Keesokan paginya, Yunika sudah
duduk manis di belakang mejanya seperti biasa saat aku sampai di kelas.
“Pagi, Ka,” sapaku, setelah
berhasil sampai di depan meja Yunika tanpa dia sadari karena begitu seriusnya
dia belajar. “Ada ulangan apa hari ini, koq pagi-pagi sudah belajar?” sindirku.
“Hei,” sahutnya kaget,
mengalihkan pandangannya dari buku di mejanya kepadaku. “Gimana lombanya,
menang?”
“Juara tiga; berkat kamu,”
jawabku, tersenyum penuh arti kepada gadis manis di hadapanku itu sambil merogoh
ke dalam tasku, lalu mengeluarkan sebungkus SilverQueen dari dalamnya dan
memamerkannya di depan wajah Yunika yang kebingungan.
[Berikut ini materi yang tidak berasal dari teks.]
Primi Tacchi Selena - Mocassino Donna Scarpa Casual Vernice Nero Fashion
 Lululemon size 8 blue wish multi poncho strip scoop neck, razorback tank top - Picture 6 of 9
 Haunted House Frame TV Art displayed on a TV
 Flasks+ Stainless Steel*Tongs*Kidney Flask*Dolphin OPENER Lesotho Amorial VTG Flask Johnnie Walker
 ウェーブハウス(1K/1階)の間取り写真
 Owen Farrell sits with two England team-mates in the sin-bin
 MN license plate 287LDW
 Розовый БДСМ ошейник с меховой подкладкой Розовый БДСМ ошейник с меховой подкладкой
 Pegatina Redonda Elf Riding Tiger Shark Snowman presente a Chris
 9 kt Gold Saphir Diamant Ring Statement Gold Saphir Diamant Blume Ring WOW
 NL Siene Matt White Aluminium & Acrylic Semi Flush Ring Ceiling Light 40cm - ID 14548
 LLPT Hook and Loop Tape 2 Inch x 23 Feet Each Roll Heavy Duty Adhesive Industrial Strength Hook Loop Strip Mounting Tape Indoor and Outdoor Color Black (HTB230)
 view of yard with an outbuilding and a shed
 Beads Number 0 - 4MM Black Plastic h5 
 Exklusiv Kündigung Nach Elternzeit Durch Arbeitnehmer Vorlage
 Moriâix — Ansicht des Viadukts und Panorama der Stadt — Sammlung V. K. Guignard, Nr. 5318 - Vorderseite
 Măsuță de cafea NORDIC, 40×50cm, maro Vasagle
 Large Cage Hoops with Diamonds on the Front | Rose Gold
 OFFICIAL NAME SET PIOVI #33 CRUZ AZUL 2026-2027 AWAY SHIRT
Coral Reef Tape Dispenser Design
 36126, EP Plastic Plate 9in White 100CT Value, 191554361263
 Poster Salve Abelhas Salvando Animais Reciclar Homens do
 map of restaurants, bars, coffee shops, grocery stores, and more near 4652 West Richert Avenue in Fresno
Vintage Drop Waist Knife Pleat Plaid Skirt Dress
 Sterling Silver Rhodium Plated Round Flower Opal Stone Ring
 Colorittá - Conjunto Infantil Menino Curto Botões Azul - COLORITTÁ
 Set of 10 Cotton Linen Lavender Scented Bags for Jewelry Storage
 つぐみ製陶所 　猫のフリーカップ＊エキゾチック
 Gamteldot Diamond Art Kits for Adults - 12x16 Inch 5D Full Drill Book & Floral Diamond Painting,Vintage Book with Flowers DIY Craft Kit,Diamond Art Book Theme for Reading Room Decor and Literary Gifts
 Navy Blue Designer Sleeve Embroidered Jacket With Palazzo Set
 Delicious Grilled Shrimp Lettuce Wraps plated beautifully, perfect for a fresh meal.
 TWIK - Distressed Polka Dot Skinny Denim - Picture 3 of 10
“Dan ini,” tambahku, tersenyum jahil kepada
Yunika.
“Hah? Koq bisa?” tanya gadis
unik itu kebingungan, membuatku tak bisa menahan senyum melihat wajahnya yang
penasaran.
“Kamu menunjukkan ke aku kalau
menjadi diri sendiri tanpa memedulikan pendapat orang lain itu penting, dan
coklat ini…,” aku menggoyang-goyangkan SilverQueen yang kupegang di depan wajah
Yunika, ”Memberi tahu aku, tidak perlu menjadi sempurna untuk bisa enak – atau
bagus – dan disukai.”
“Hah? Maksud kamu apa sih,
Ren? Penjelasan kamu itu justru ngebuat aku tambah bingung, tahu,” protes
Yunika, wajah protesnya begitu lucu sampai tawaku keluar begitu saja.
“Intinya, aku bisa membuat naskah
pidato yang bagus untuk lomba itu berkat kamu dan ini,” jawabku, masih menahan
geli, sambil mengangkat dan menggoyangkan coklat SilverQueen yang masih ada di
tanganku sekali lagi di depan wajah Yunika, lalu menyodorkan coklat itu pada
Yunika.
“Dan ini untuk kamu."
“Oh, akhirnya dikasih juga.
Kirain hanya untuk disombongin ke aku aja,” jawab Yunika setelah dia merebut
coklat itu dari tanganku dengan cepat, lalu tersenyum jahil padaku.
Dan tiba-tiba, ada tangan
gemuk yang terulur di antara aku dan Yunika.
“Untuk aku mana?” protes suara
itu, yang tak lain dan tak bukan milik Dias, teman sebangkuku yang gemuk.
“Ketinggalan, di tokonya,”
jawabku sekenanya, antara kesal dan
merasa bersalah pada sahabatku itu. Selesai mengucapkan itu, aku langsung kabur
ke kantin, satu-satunya tempat aku bisa berdamai kembali dengan makhluk gemuk
yang satu itu dengan cepat.
“Rendiiii!!! Tungggu!!!” teriak
Dias, dekat di belakangku.
“Kamu menunjukkan ke aku kalau menjadi diri sendiri tanpa
memedulikan pendapat orang lain itu penting, dan coklat ini memberi tahu aku, tidak
perlu menjadi sempurna untuk bisa bagus dan disukai.”